Depuis le temps qu’on nous rebat les oreilles avec la Ferme du Pêcher gourmand, nous avons décidé de tester cet établissement de la Plaine-des-cafres, à la faveur d’un déjeuner dominical entre amis. L’endroit se situe à trois minutes de Bourg-Murat, en descendant vers le Tampon. Un panneau bien visible sur la RN3 vous invite à prendre un petit chemin bordé de filaos qui vous conduit à un vaste parking. Une grande maison, un jardin immense, équipé de jeux d’enfants qui vont vous débarrasser de la marmaille remuante, laquelle s’empressera d’aller torturer les lapins en liberté et faire tourner le lait des poules. La salle, décorée façon chalet, cheminée comprise, peut accueillir confortablement jusqu’à 120 convives.

IMG_0315Nous sommes accueillis avec le sourire par une dame sympathique. Les suggestions du jour sont à l’ardoise. Aujourd’hui sont proposés une salade de lentilles de Cilaos au magret de canard frit, un parmentier de canard, riz frit aux légumes et aux crevettes, une « petite marmite des ô » avec lentilles de Cilaos, cuisse de canard confite et saucisse frites, et deux desserts classiques : profiteroles et coupe de glace. Total entrée, plat et dessert : entre 30 et 38,50 euros, par personne. Vu les tarifs, nous espérons que la qualité va suivre.
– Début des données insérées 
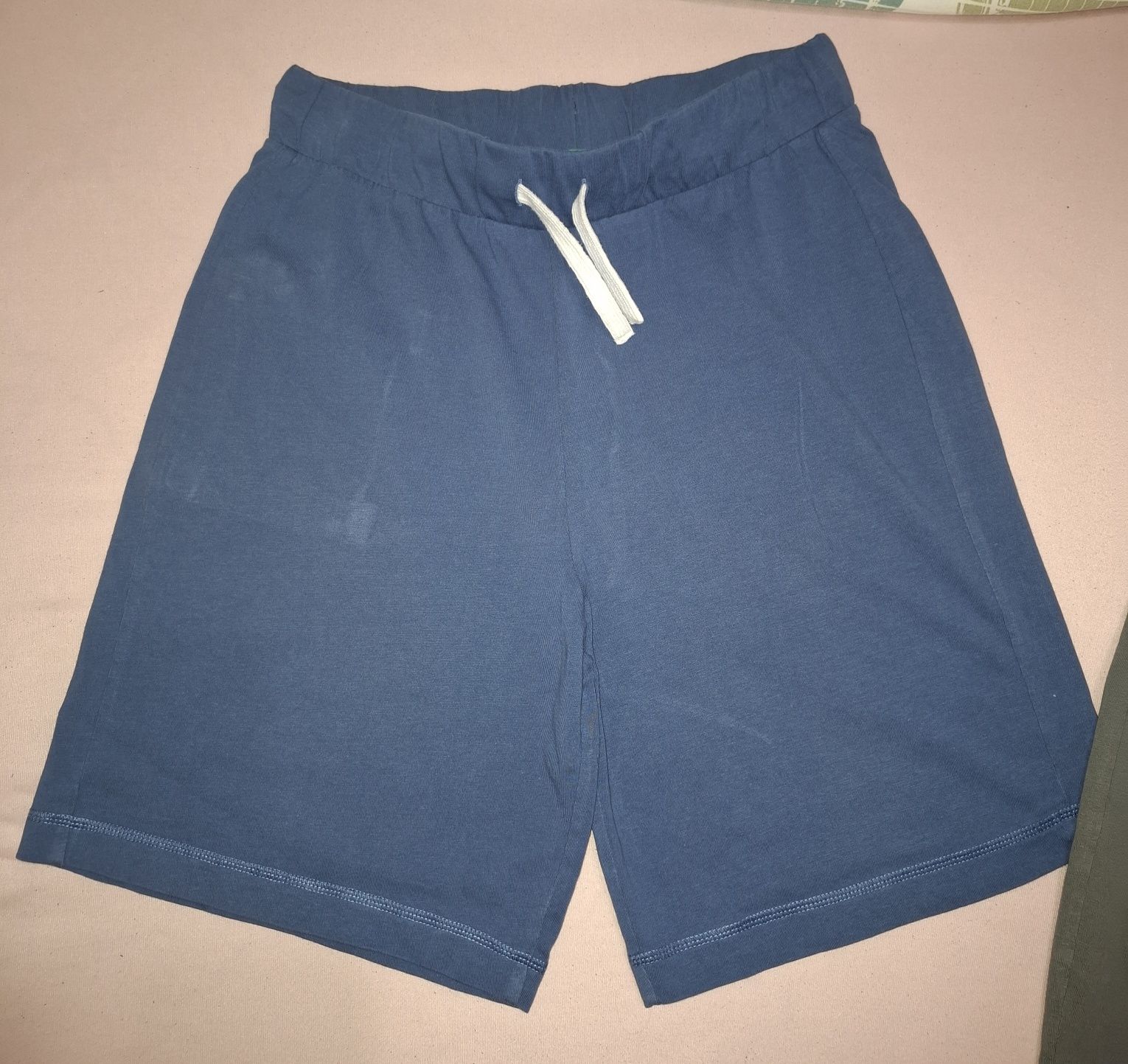 Benetton бермуди 168см.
IMG_0325La spécialité de la ferme est le canard, cuisiné en cari, grillé, confit, en cassoulet, en magret, sans oublier le foie gras et les rillettes que les propriétaires vous vendent aussi en bocaux, pour prolonger le plaisir chez vous. Toutefois la carte comprend aussi un rougail saucisses au ti-jacque et un cari crevette à choisir dans une formule pour 25 euros. Le menu marmaille à 10 euros comprend un cari canard fumé, le même que celui qui figure parmi les plats de résistance. Nous optons pour la « marmite des ô », avec un foie gras de canard mi-cuit en entrée, plus un cari de canard fumé. Le temps que les apéritifs soient éclusés, la danse des canards commence, avec une petite mousse légère et des petits pains savoureux en amuse-bouches.

IMG_0334L’entrée est assez bien présentée. Salade fraîche et petites juliennes de carottes croquantes côtoient un confit d’oignon et la tranche de foie gras sur pain de mie. Confit d’oignon qui n’est pas si confit que ça. Pain de mie qui manque de couleur, et de croquant, pour qui préfère les toast chauds et dorés qui vont bien avec le foie gras dont la tranche est ici un peu mince. à 18 euros nous nous attendions à une entrée plus gourmande. Le foie gras fond en bouche, et donne un peu de fumet au nez. Effectivement le confit d’oignon ne casse pas trois pattes à… vous devinez.

Les plats de résistance suivent, mais l’un des convives reste en plan. Le cari canard a du retard. En jargon musical on appelle ça un… vous devinez ?
Dans un établissement pratiquant ce genre de tarif, l’on est en droit d’attendre que tout le monde soit servi en même temps, comme il sied chez les bonnes gens.

IMG_0343La «petite marmite des ô», renifle bon la lentille gorgée de soleil poussée dans la terre caillouteuse comme du côté d’Ilet à Cordes, la graisse de canard fondue au cul de marmite, la peau frite du palmipède, et le piquant frais et léger des oignons verts disséminés. Tout cela se retrouve en bouche. Belle mâche de viande avec la peau «in ti guine» croustillante qui appelle les bouchées suivantes, lentilles en crème remplies de cette subtile saveur terreuse caractéristique, mais quid des saucisses ?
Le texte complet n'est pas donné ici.